===== RECORDS FOR THE EXERCISE

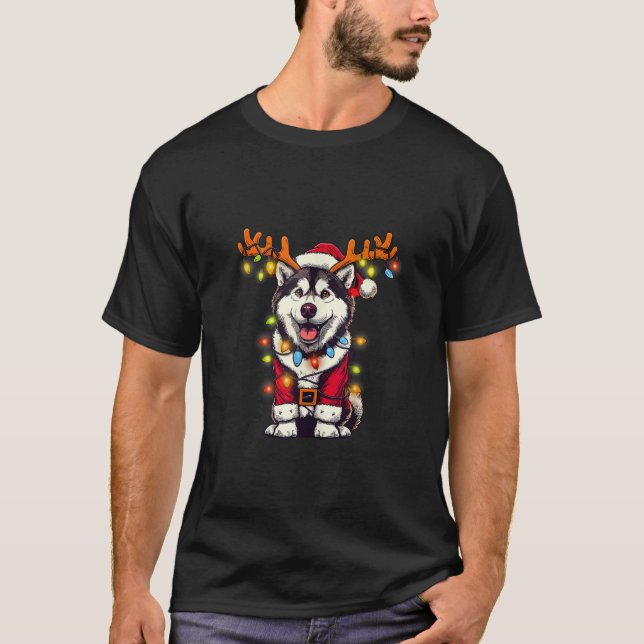 Funny Siberian Husky Christmas Tree Lights Santa D T-Shirt (Front)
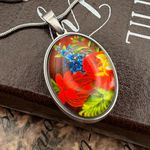 Handmade  Floral Pendant Necklace – Stainless Steel 20” Chain Photo 1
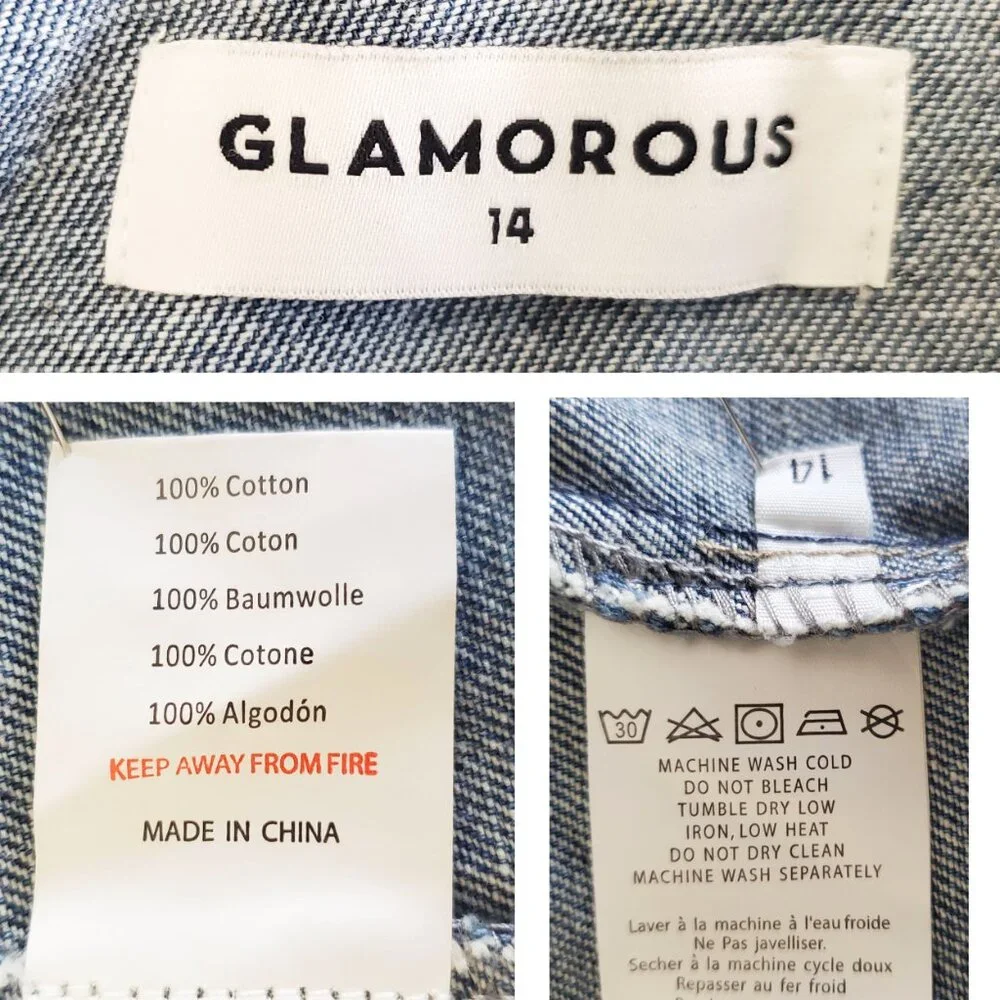 Glamorous Womens Denim Jean Jacket with Floral Embroidery 14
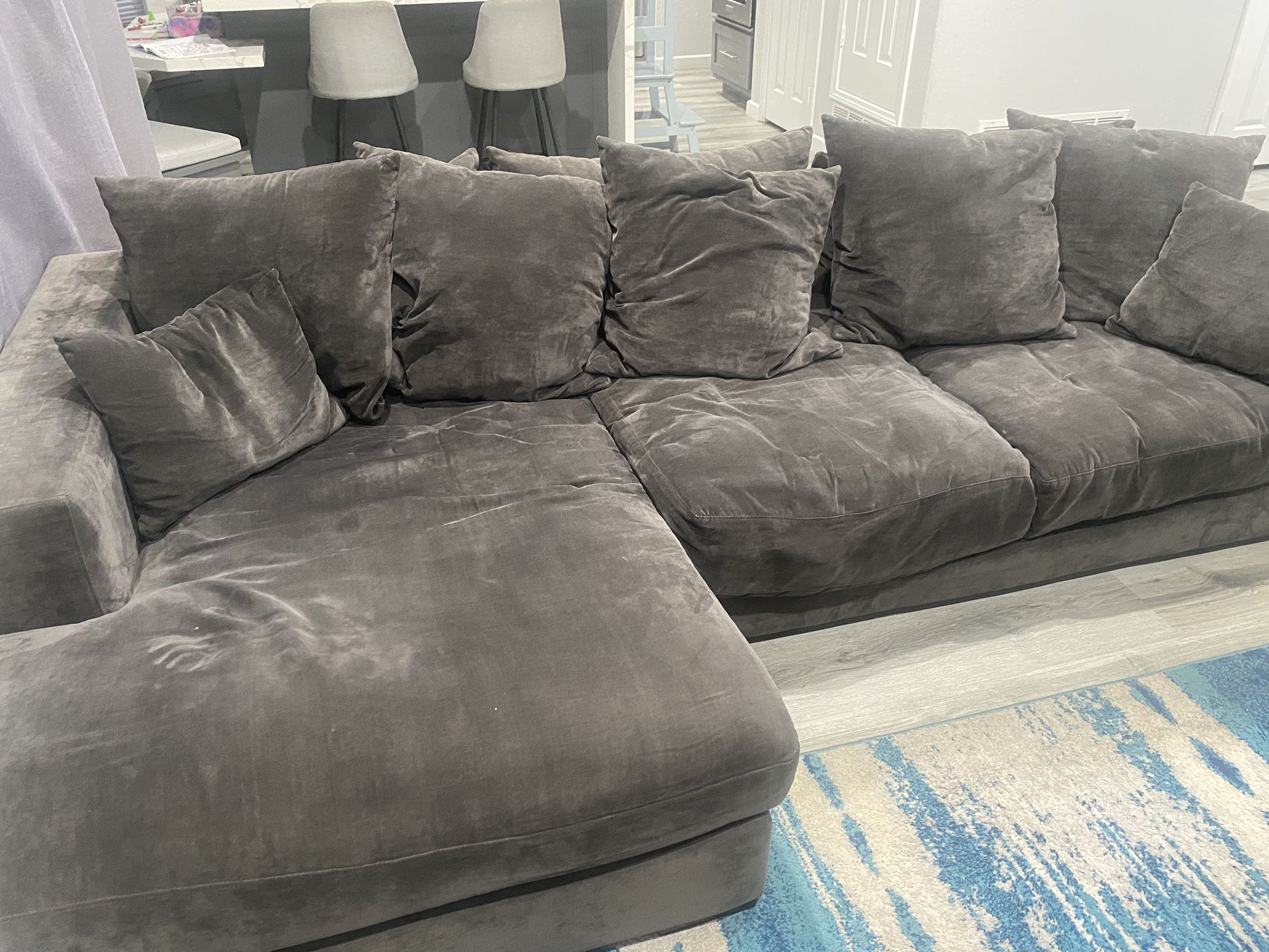 Grey Sectional Couch Sofa W/ Chaise - Deep & Super Cushiony!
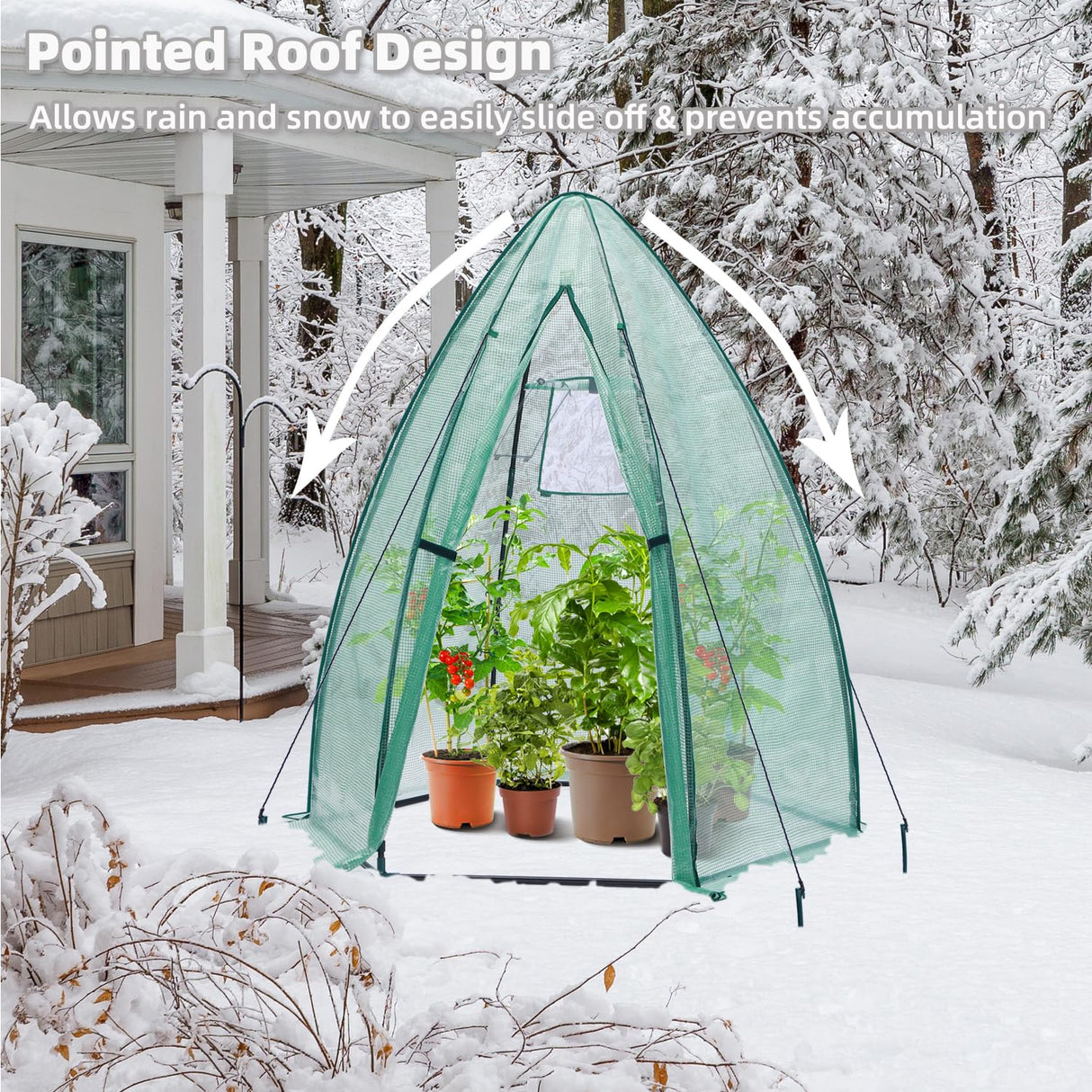 Portable Plant Protector from Animals, Ohuhu Greenhouse for Outsides with Durable PE Cover, Heavy Duty Green House with Zippered Door Mesh Window for Vegetables Flowers Fruits Herbs, 63x54x71 Inch Ohuhu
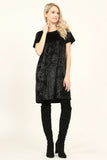 Black Short Sleeve Crushed Velvet Tunic Dress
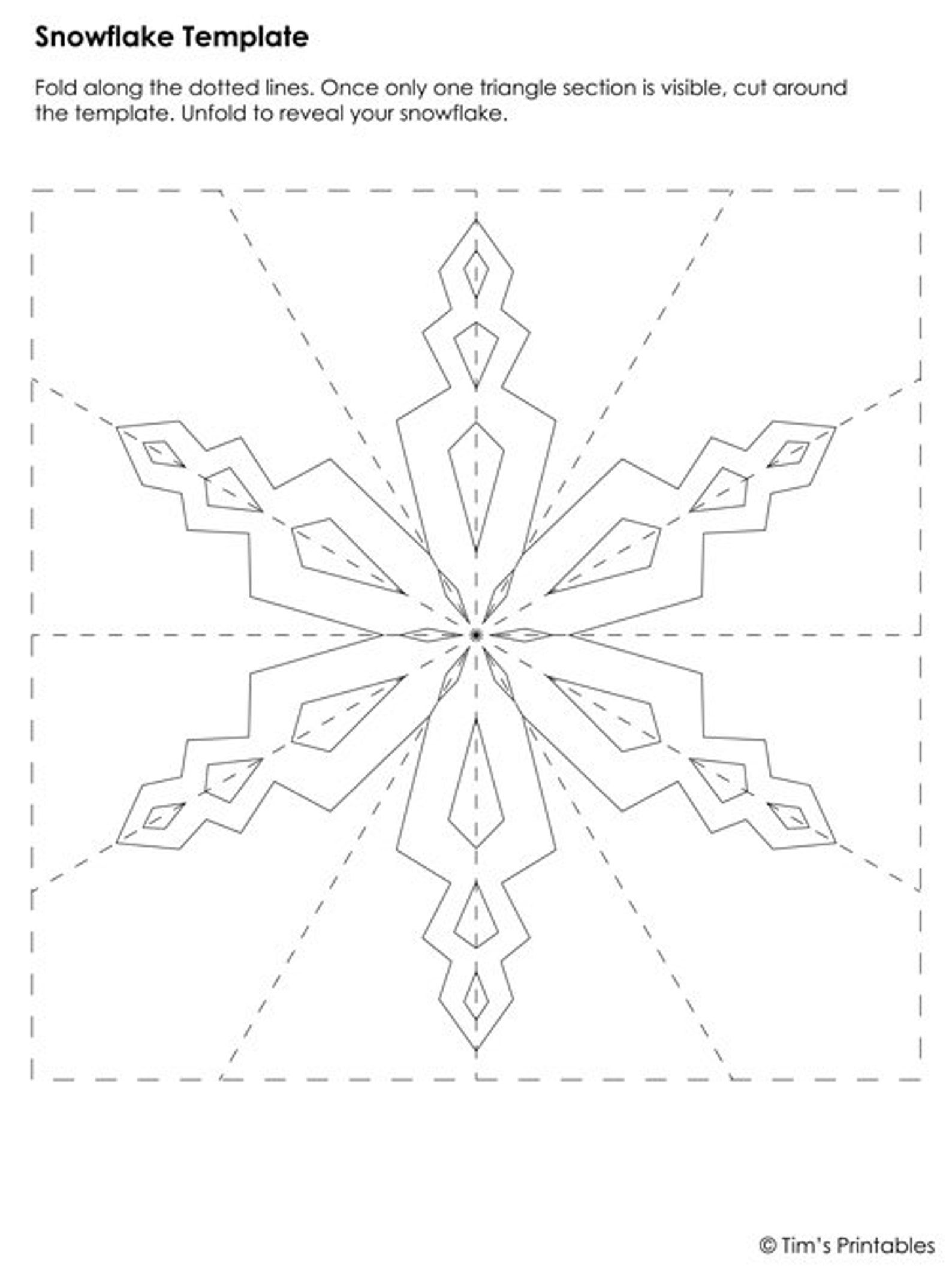 Snowflake Templates & Blank Snowflake Template 9 Printables - Etsy
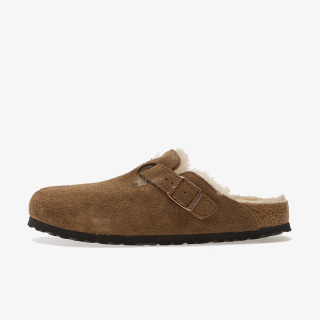 Birkenstock Papuče BOSTON SHEAR LEVE DARK TEA LAF 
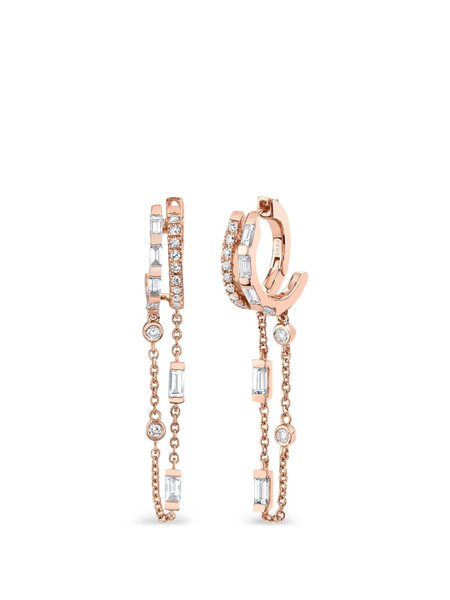  Shay Diamond Fringe Huggie Earrings - Pink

==========

EXERCISE GOAL:
No picture should be included when the data are set down again exactly.

RESULT OF THE EXERCISE:
 Funny Siberian Husky Christmas Tree Lights Santa D T-Shirt (Front)
 Handmade  Floral Pendant Necklace – Stainless Steel 20” Chain Photo 1
 Glamorous Womens Denim Jean Jacket with Floral Embroidery 14
 Grey Sectional Couch Sofa W/ Chaise - Deep & Super Cushiony!
 Portable Plant Protector from Animals, Ohuhu Greenhouse for Outsides with Durable PE Cover, Heavy Duty Green House with Zippered Door Mesh Window for Vegetables Flowers Fruits Herbs, 63x54x71 Inch Ohuhu
 Black Short Sleeve Crushed Velvet Tunic Dress
 Snowflake Templates & Blank Snowflake Template 9 Printables - Etsy
 Birkenstock Papuče BOSTON SHEAR LEVE DARK TEA LAF 
  Shay Diamond Fringe Huggie Earrings - Pink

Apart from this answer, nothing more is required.